How long has this been going on?


----------



## Battleworn

I just had an afterthought. How do you and your hubbs spend your time together? I don't want to sound harsh but is it possible that he's bored? And do you share some of the same interests? Football season is coming up. Y'all could watch together if you already don't!

_Posted via Mobile Device_


----------



## Allltuvx

Thanks for responses.

He has a pattern of a best friend that lasts about 5 years and then he gets a new one and has only that best friend ignoring the ones he used to have. A previous best friend from years ago lives within one mile of us now and he has no desire to visit him and there was no falling out. I suggested we renew our friendship with ex friend and the wife but he does not have any interest.

I do like football and watch a lot of the games here with him, but during football season just don't want to watch several in a row.

We do sports together. But he and this guy get involved with tournaments (with only men).
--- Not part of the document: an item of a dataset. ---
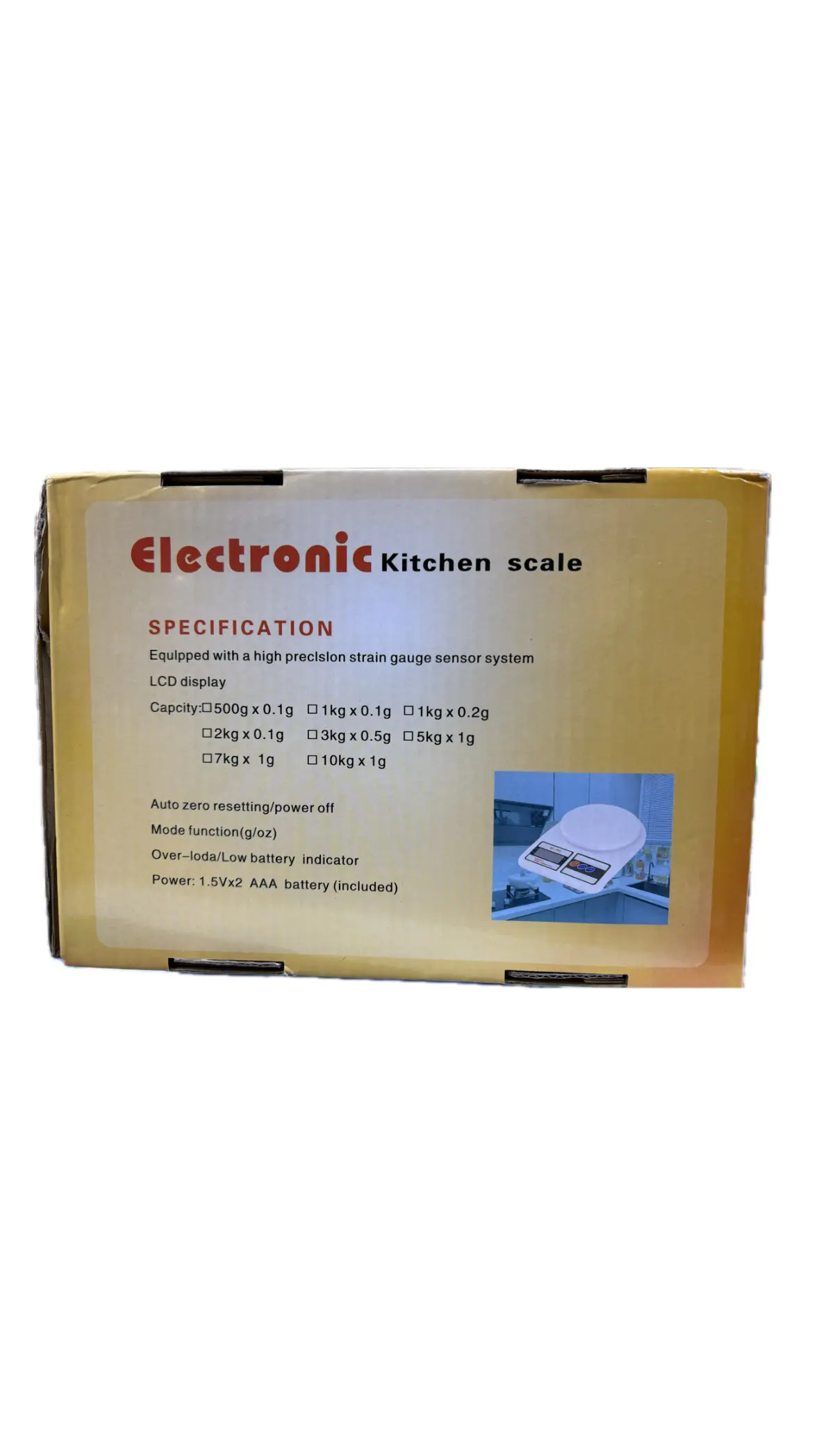 Caja dorada de báscula gramera digital para cocina con de la balanza blanca y especificaciones técnicas impresas en el frente.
I have played golf but just not as fun with me I guess.

A marriage does not mean you are doing everything together, but this is a true bromance - and he has several brothers also - he is closer to this friend.


----------



## Cee Paul

My wife put an end to all of my friendships by pulling the old "you can go see your friends anytime you want to" game, where if I do try and hangout with them more than once every three months she will allow it but then cops a pissy attitude for several days and tries to lay a guilt trip on me. So after playing that game off and on for a few years I finally decided "f*ck it" and only see my good friends about once a year now!


----------



## EleGirl

Allltuvx said:


> How do I compete with a man cave with three full screen tvs with all their fantasy football leagues, with tons of beer and only guys there.
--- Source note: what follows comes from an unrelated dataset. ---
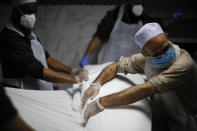 The body of Mohammad Altaf, who died at 48 of COVID-19, is ritually washed and wrapped before being given funeral prayers at Al-Rayaan Muslim Funeral Services, Sunday, May 17, 2020, in the Brooklyn borough of New York. (AP Photo/John Minchillo)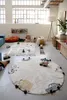 A playroom or children's room with rugs and toys. Voir les images du produit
Get the book "His Needs, Her Needs" and read it. 

A couple needs to spend at least 15 hours a week together, just the two of them, doing things that they enjoy together.. date-like things. This is needed to keep the passion/love in the marriage.

Once the two of you have your 15 hours a week together, then he can have his friends... after he does his share of chores and responsibilities in your home, yard, etc.

That's how a healthy marriage works.

If he's not willing to give you the 15 hours a week then don't even try to compete. You don't have a marriage. Leave. Why would you waste your energy competing?


----------



## Allltuvx

Cee Paul I don't believe in that at all and that is probably how all this started. His work is stressful and I thought him hanging out and doing the fantasy football, drinking and golfing were stress relievers for him. I put very few limits on that.

Plus I really liked his friend - he was a quality guy.

But that quickly went downhill once I made some demands to cool it with both of them.

Then there I was making an ultimatum and losing.

My marriage encounter will be about this guy and what he brings or takes from our marriage. 

Also, he is amendable to moving. This would be good because they would not be drinking buddies as that would be driving home bombed. That would mean watching football sober which is no fun. Just a golf game every so often.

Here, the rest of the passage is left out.